Clients and Peers

Overview

There are two ways to consume Datomic Pro: with an in-process peer library, or with a remote client to a peer server. If you are trying Datomic for the first time, we recommend that you begin with Datomic dev-local, which uses the client library in-process. When you are ready to plan an Datomic Pro system, you can return to this page for guidance on whether to use peers, clients, or both.

Comparison

Area		Peer	Peer Server Client
Ops	compatible with Datomic Cloud	no	yes
Ops	app processes per instance	few	many
Ops	library requirements	many	few
Read	hot object cache on app start	no	yes
Read	hot memcached on app start	yes	yes
Read	query latency	best	good
Read	reads	scale horizontally	scale horizontally
Read	datalog queries	local, sync, eager	remote, async, chunked
Read	raw index access	local, sync, lazy	remote, async, chunked
Read	flow control	up to you	automatic
Read	cross database joins	yes	no
Write	ACID transactions	transactor, async, eager	remote, async, eager
Write	writes	single writer, CAS	single writer, CAS
Write	flow control	automatic	automatic
Write	transaction ordering	in order issued	in order acknowledged
Write	tempids	custom type or string, partitions	optional, strings

Note that you can use both peers and clients within the same system. However, the peer and client APIs are different for reasons discussed below.

Operations

The peer library includes the query engine and object cache in the same process as your application, with the following operational implications:

Peer processes should typically be large relative to the size of the (possibly virtual) hardware they run on.
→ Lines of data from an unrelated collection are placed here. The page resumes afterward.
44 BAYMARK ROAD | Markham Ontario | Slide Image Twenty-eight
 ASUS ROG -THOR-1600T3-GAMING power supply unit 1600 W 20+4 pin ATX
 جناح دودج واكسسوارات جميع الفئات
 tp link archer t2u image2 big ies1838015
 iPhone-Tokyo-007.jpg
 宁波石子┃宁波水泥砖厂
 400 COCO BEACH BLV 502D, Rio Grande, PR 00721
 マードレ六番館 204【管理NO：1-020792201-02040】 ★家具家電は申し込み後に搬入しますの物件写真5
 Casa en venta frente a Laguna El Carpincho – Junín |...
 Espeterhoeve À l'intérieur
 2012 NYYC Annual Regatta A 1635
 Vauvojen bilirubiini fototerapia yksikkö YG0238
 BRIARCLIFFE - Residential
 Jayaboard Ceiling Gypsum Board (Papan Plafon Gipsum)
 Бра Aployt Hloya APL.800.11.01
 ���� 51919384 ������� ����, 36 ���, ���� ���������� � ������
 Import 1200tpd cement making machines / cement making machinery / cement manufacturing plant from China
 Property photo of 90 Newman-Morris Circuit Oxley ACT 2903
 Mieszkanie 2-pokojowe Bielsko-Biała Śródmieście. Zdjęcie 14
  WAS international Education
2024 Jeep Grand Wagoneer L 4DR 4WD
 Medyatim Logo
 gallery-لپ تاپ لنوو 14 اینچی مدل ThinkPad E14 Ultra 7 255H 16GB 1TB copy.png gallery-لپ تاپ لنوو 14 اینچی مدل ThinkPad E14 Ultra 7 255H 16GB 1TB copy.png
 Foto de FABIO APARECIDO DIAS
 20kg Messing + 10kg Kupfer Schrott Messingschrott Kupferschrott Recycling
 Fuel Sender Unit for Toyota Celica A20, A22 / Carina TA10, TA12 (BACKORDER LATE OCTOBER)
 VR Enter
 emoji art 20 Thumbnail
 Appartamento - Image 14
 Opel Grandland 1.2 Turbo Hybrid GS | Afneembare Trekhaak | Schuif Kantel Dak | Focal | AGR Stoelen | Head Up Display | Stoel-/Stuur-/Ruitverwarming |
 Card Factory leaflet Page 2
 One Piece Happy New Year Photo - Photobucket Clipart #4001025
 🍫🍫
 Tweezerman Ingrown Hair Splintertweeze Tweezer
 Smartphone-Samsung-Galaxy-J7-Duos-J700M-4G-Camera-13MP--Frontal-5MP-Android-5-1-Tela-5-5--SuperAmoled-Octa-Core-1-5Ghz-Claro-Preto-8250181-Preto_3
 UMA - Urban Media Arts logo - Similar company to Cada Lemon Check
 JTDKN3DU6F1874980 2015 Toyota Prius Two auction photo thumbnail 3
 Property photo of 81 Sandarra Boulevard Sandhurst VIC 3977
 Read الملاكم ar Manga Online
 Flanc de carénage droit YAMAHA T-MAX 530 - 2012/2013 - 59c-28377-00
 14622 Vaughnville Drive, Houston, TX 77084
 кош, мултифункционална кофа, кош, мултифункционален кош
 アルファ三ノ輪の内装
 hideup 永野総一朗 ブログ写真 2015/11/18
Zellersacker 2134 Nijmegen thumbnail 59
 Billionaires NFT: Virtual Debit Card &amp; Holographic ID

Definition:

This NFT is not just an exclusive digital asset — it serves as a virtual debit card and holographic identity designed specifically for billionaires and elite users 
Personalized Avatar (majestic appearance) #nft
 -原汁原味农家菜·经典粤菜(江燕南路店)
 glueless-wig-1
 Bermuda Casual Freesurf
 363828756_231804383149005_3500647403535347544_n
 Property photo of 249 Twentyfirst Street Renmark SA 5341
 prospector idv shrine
This amortizes the cost of running the JVM, and allows for large object caches.
Peer processes must be JVM-based, and include several Java library dependencies.

Remote clients have a much smaller footprint. Remote clients are a good fit for microservices, as the peer server and its cache can be large and long-lived, while serving application processes that may be small, numerous, and short lived.

Reads

Both peers and peer servers provide horizontal read scaling, which is fundamental to Datomic's architecture. You can increase the number of peers or peer servers as needed to handle additional read load.

Datomic read operations include Datalog query and raw index access. With the peer library, these operations all happen locally in process memory, and the APIs are synchronous. Because of this locality, long-lived peer applications deliver the best possible latency for read operations.

Peer server clients make remote calls for read operations. This differs from using the Peer API in two ways.

Client read operations are asynchronous, and do not consume a thread while waiting on another process. (By contrast, peer read operations are synchronous.)
Large client API results are delivered a chunk-at-a-time.

Compared to the Peer API, peer server clients introduce a network hop for read operations, increasing latency. On the other hand, the object cache used for client queries lives in a separate process, so it survives a client application restart. This can reduce latency for read operations in applications that are small and short-lived. With both peer servers and peers, Datomic supports integrated memcached so read latencies should be acceptable for the vast majority of applications.

Peer server clients will receive flow control "server busy" errors if they temporarily exceed the capacity of the system. With peer applications, flow control is up to you. You can (and should) implement application-level flow control for peer applications.

Peers can connect to multiple databases, and then issue process-local queries that join across those databases. Clients are designed for a distributed environment where they know nothing about process locality. As a result, client queries can refer only to the database associated with their connection.

Writes

Datomic ensures that transactions are consistent by utilizing a single writer process at any given time, and by using compare-and-swap (CAS) operations against the underlying storage service.

The write model for peers and peer servers is therefore quite similar. The only semantic difference between peer and peer server transactions is in their knowledge of transaction order. Peers know that they have a dedicated connection to a single transacting process, and that transactions will always be processed in the order they were submitted. This permits a pipelining optimization where peers can submit transactions from a single thread as fast as possible, knowing the transactions will be processed in order. Clients do not presume such a dedicated relationship, and so client pipelining code must wait for each transaction to be acknowledged if order is important.

Tempids

Datomic peers support a dedicated tempid structure for new entity ids. This allows for fine-grained control of partitions, which can be used to improve data locality for some kinds of read operations.

Our experience has been that very few users take advantage of partitions, and that the custom tempid data structure and reader syntax are rarely worth the added complexity. Client tempids are always strings, and partitioning is automatic.

Peer-Only APIs

The following peer functions are not well-suited for a wire protocol, and are not included in the client API:

Peer API	Client Alternative
attribute	pull
entity, entity-db	pull
entid & ident	pull

These peer functions are not portable across Datomic Pro and Cloud, and are not included in the client API:

Peer API	Cloud Alternative
gc-storage	not needed
squuid	not needed
tx report	poll

The client API supports only the find-rel form of a query find-spec.